April 15, 2004
Massachusetts and Home!
Today, as we awoke in Oneonta, New York, we rolled over, rubbed our eyes, looked out the window, and saw ... clear skies and sunshine! Could this be for real? Well, yes — for a while ...
We hit the road with our usual vigor and aplomb, and headed eastward (where else?). Despite the brilliant sky, the temperature was still rather cold, and our Giulietta's top stayed up, which had been the case ever since we left Oregon. (Oh, how we lamented not being able to drive across the country topless ...)
Along our route, we passed through the quaint village of Prattsville, NY, founded by our esteemed ancestor Zadock Pratt. Below is a shot of a current Prattsville landmark. (I know what you're thinking, but this is an unretouched photo.)
We meandered through some lovely countryside, skirting the northern edge of the Catskills, and finally arrived at a milestone: crossing the Hudson River via the Rip Van Winkle Bridge (which, incidentally, was the first toll we had to pay during the entire trip).
We were starting to feel at home, and knew that we were back in the American Northeast, as evidenced by the following:
Another milestone: Massachusetts welcoming us. Welcoming us back to high taxes, inflated property values, and people who sound like Ted Kennedy when they talk, that is.

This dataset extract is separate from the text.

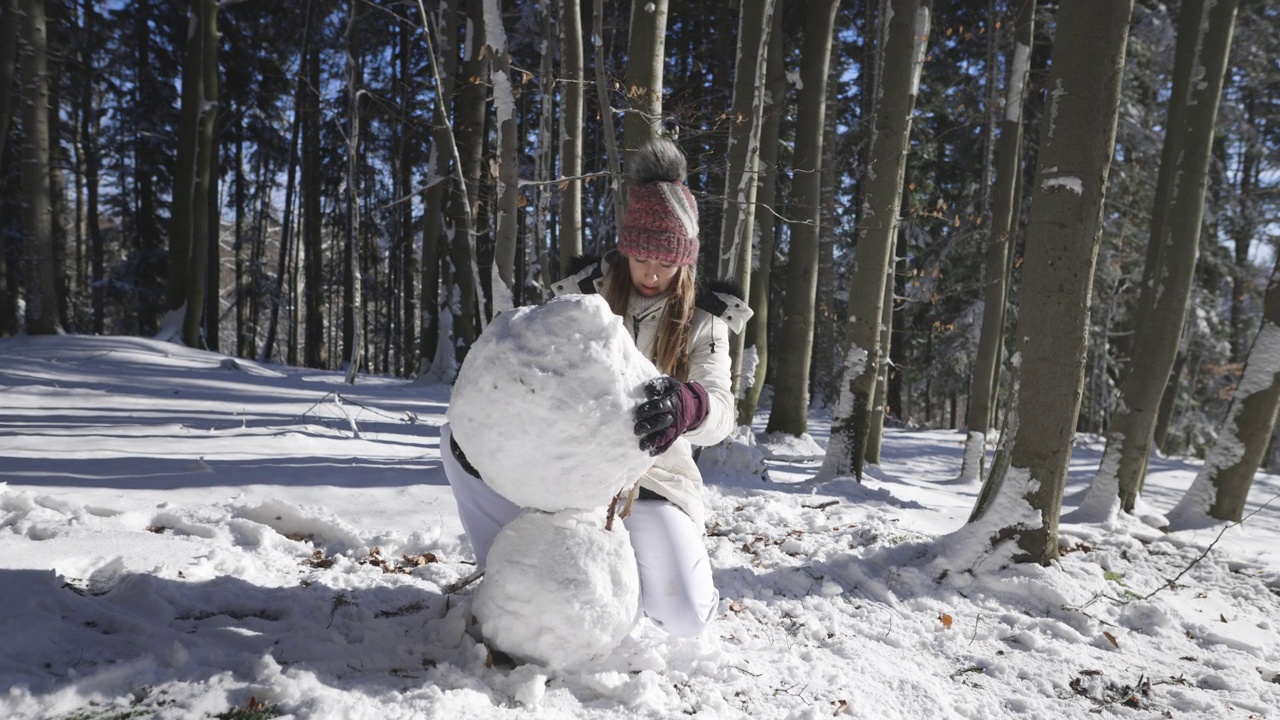 在一个阳光明媚的冬日，一个十几岁的女孩正在森林里堆雪人。视频素材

Our reverie was shattered, however, as we drove back into the weather pattern that had caused us all the consternation almost the entire way across the country:
But we arrived home safely, and were greeted by the lovely Vi, who had two kinds of chili simmering on the stove for us. What a woman! By the time John left, the sun was out, prompting the photo op below:
So what did Vi and I do after John left? Why, we went for a ride, of course!
Culture of the Day
Unfortunately, this is a little hard to see, but the photo below is of a truck made entirely out of wood. (Well, except for the door window frame.) Also on the property were a wooden motorcycle and a couple of wooden bears. The two buildings were made of short logs with the end grain showing. Most impressive! There was also a Corvette there, but it, alas, was made of fiberglass.
Beer of the Day
Now we're talkin'! Pratt's homebrew at last! On tap were a British ale (a Boddington's clone) and a Czech pilsner (a Pilsner Urquell clone). We'd do these trips more often if the beer at home weren't so decent.
We did keep track of all the Alfas that we encountered on the trip. If you don't consider the ones owned by Doug Zaitz and Patrick and Tami Iaboni in Portland, and if you don't consider the ones owned by us, the answer is:
Of course, to be fair, it's early in the year, and the weather we experienced along our route didn't exactly encourage Alfa drivership.
Well, folks, I guess that's it. Our oil consumption, thankfully, remained moderate, and we'll investigate the problem in greater depth over the next few days and weeks. Right now, I've got the carpets and mats removed and drying in the garage. Tomorrow or Saturday, I'll give our Giulietta a well-deserved cleaning, and start making amends for the abuse we've put her through over the past week and a half.
The short top-down drive that Vi and I took this afternoon reminded me what a fabulous car this is, and I'm really looking forward to many years of stewardship of this delightful Alfa Romeo.